──────── Provided records

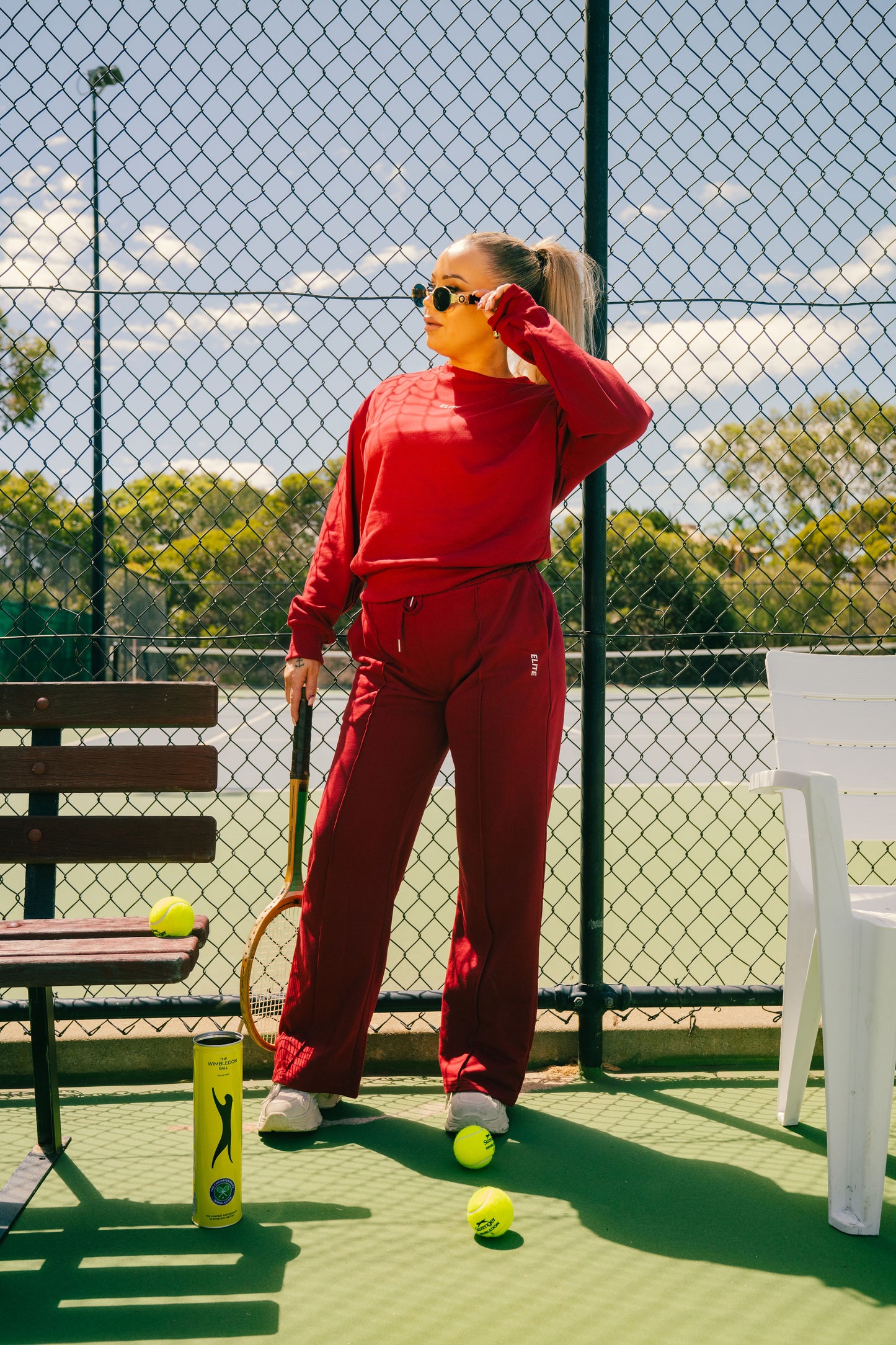 Cherry Red Track Pants
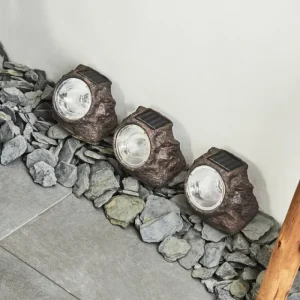 hofstein Lot de 3 lampes solaires Sameo LED Brun, 4 lumières* Lampes Modernes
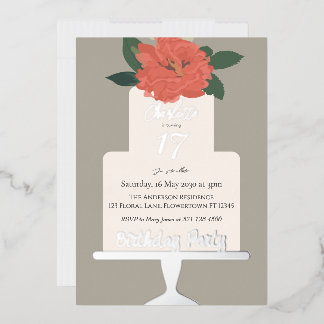 Terracotta Floral Cake Geburtstagsparty Silber Folieneinladung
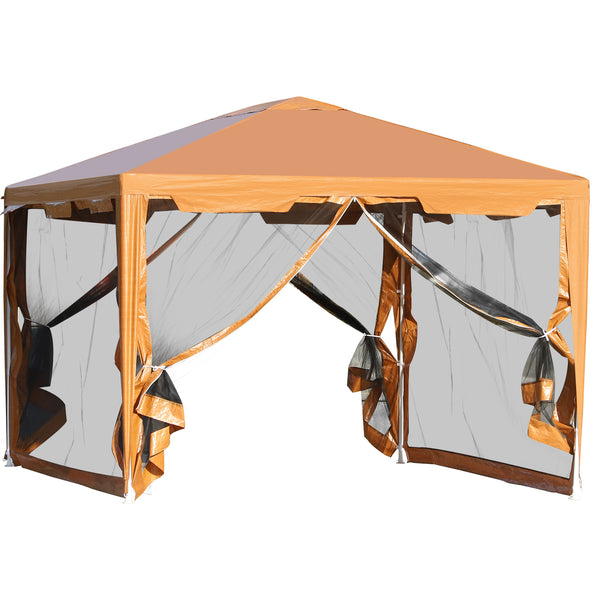 Gazebo da Giardino Pieghevole con Zanzariera 395x295x355 cm in Metallo e Polietilene Marrone Chiaro online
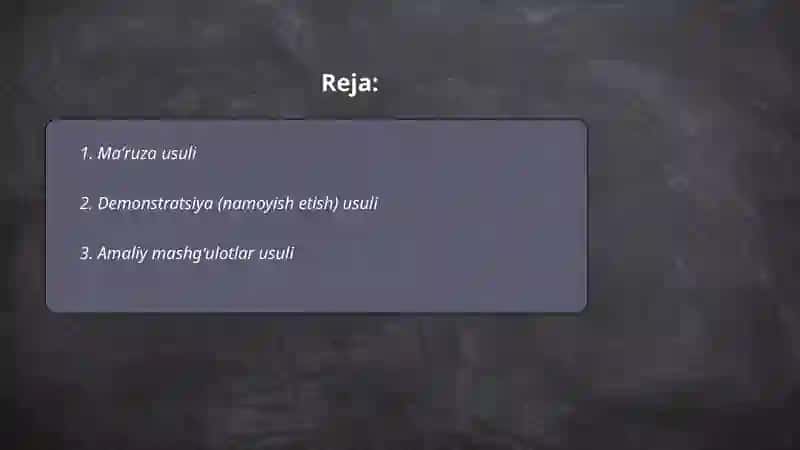 Mashgʻulot jarayonida oʻrgatish uslublari 2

────────────────

▸ **Work to complete**
Copy the lines starting at the line that contains "hofstein Lot de" and running to the final line of the entries, inclusive; omit all pictures.

▸ **Your solution**
 hofstein Lot de 3 lampes solaires Sameo LED Brun, 4 lumières* Lampes Modernes
 Terracotta Floral Cake Geburtstagsparty Silber Folieneinladung
 Gazebo da Giardino Pieghevole con Zanzariera 395x295x355 cm in Metallo e Polietilene Marrone Chiaro online
 Mashgʻulot jarayonida oʻrgatish uslublari 2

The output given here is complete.